WHAT TO DO
The pictures in the data below are to be omitted; all else must be duplicated exactly.
::: MATERIAL PROVIDED
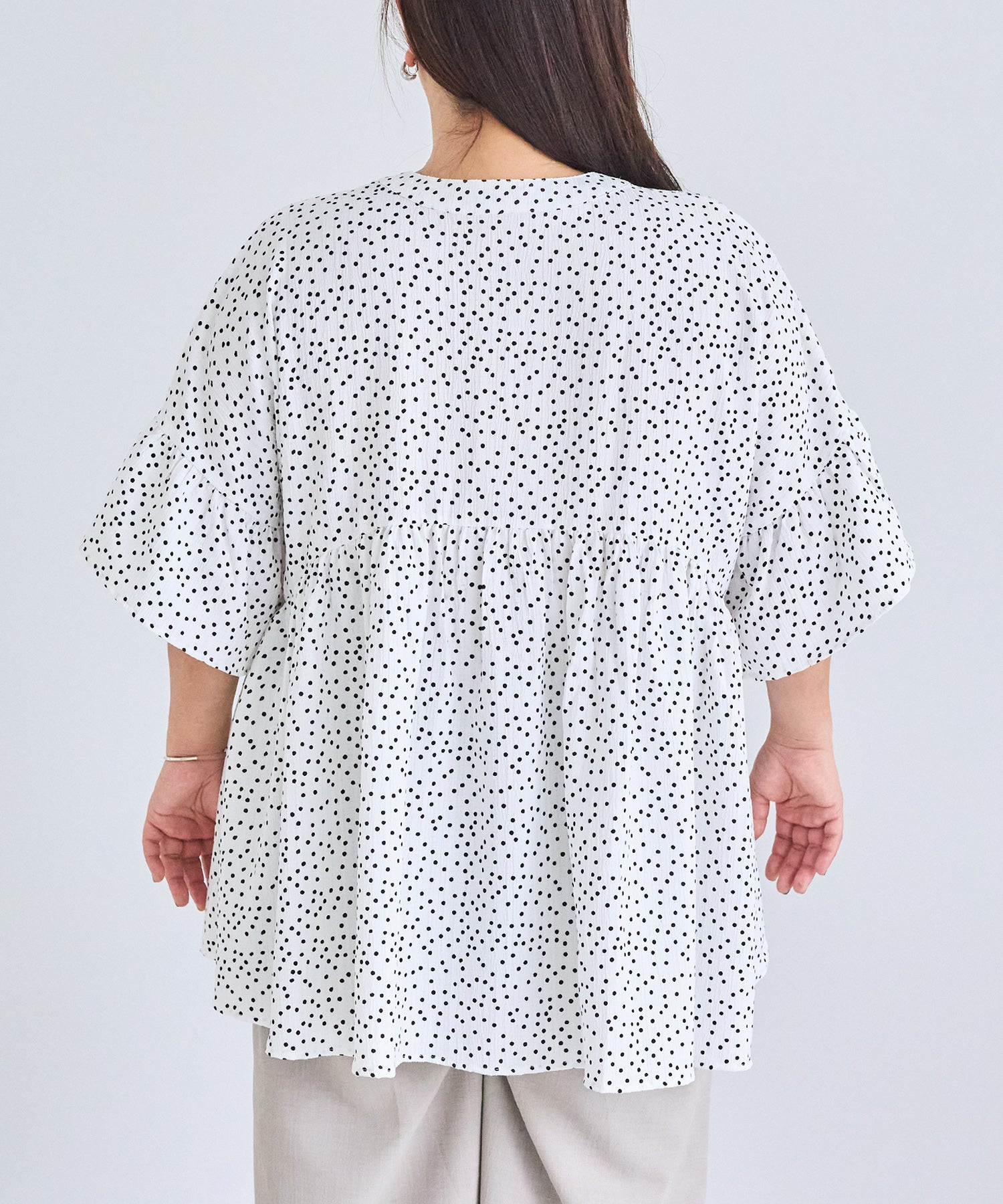 バック model:161cm 着用サイズ:3L
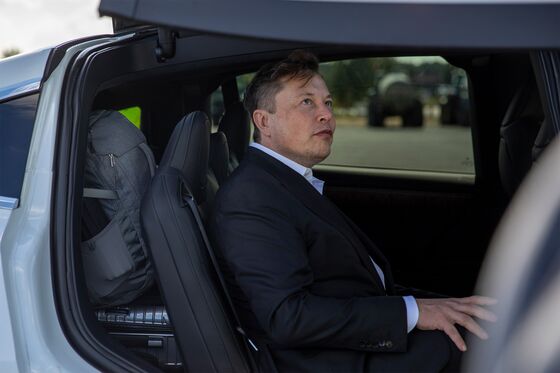 Musk Loses $32 Billion in Tesla Wealth, Underscoring Margin Risk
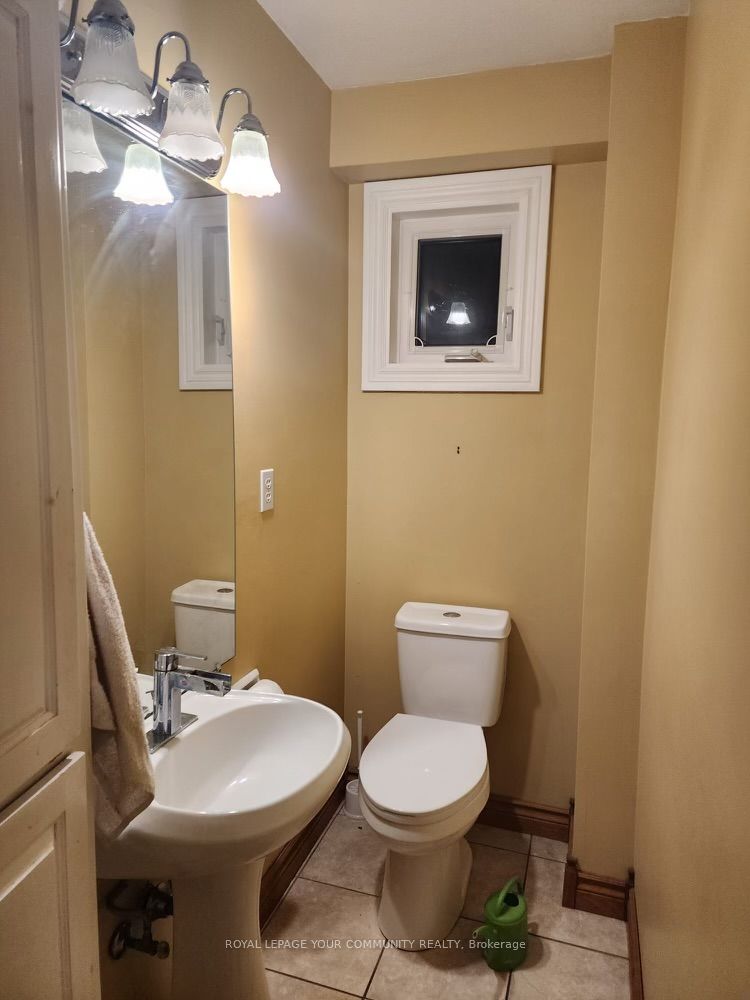589 Watson Ave Property Photo 4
::::::
SOLUTION BELOW
 バック model:161cm 着用サイズ:3L
 Musk Loses $32 Billion in Tesla Wealth, Underscoring Margin Risk
589 Watson Ave Property Photo 4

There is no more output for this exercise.